169 S.E.2d 569, 210 Va. 194, 1969 Va. LEXIS 221
CourtSupreme Court of Virginia
DecidedSeptember 5, 1969
DocketRecord 7065
StatusPublished
Cited by95 cases

This text of 169 S.E.2d 569 (Peyton v. King) is published on Counsel Stack Legal Research, covering Supreme Court of Virginia primary law. Counsel Stack provides free access to over 12 million legal documents including statutes, case law, regulations, and constitutions.

Bluebook
Peyton v. King, 169 S.E.2d 569, 210 Va. 194, 1969 Va. LEXIS 221 (Va. 1969).

Opinion

Carrico, J.,

delivered the opinion of the court.

The important question for decision in this case is whether an accused who is convicted upon a plea of guilty is entitled to appeal his conviction to this court.

The question arose when Billy Wayne King, the petitioner, filed in the court below a petition for a writ of habeas corpus against C. C. Peyton, Superintendent of the Virginia State Penitentiary, the re *195 spondent. The petition alleged that on September 12, 1967, the petitioner was convicted in the lower court of attempted rape and was sentenced to a term of three years in the penitentiary. It was further alleged that the petitioner had been denied the right to appeal his conviction.
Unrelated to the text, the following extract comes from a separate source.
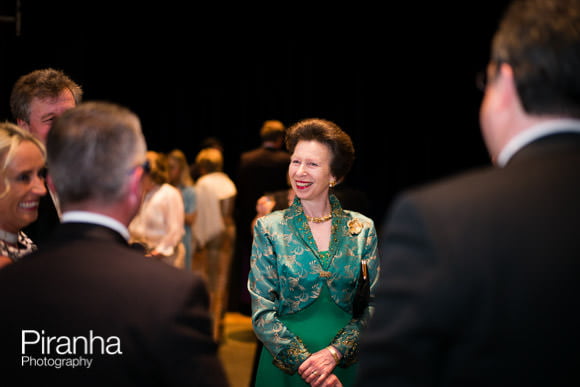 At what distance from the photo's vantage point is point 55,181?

The trial court 1 held a plenary hearing on the habeas corpus petition and ruled that the petitioner had been denied the right to appeal his conviction. The writ of habeas corpus was awarded, and we granted the respondent a writ of error to review the action of the trial court.

The record of the petitioner’s criminal proceeding and the evidence at the habeas corpus hearing show that the petitioner, represented by assigned counsel, entered a plea of guilty to an indictment charging him with the attempted rape of a fourteen-year-old girl and that his conviction was based upon such plea. Before accepting the plea, the trial judge conducted an extensive examination of the petitioner concerning the voluntariness of the plea and the petitioner’s understanding of the nature and effect thereof. No objection or complaint was made when the conviction was entered or when sentence was imposed.

Following his commitment to the penitentiary, the petitioner requested a copy of his trial transcript and notified the trial court that he wanted to appeal his conviction. The former judge of the court entered an order denying “application for such transcript” and stating that the petitioner was “not entitled to the relief prayed for.” The habeas corpus petition was thereafter filed.

The petitioner concedes, refreshingly, that “the decision was his alone as to the plea of guilty.” He does not question the trial court’s finding, which is fully sustained by the evidence, that the plea was voluntarily and intelligently entered. He claims no defect in the criminal court’s jurisdiction, and he makes no complaint about the validity of his sentence. He rests his case upon the bald proposition that he was entitled to appeal his conviction notwithstanding his plea of guilty.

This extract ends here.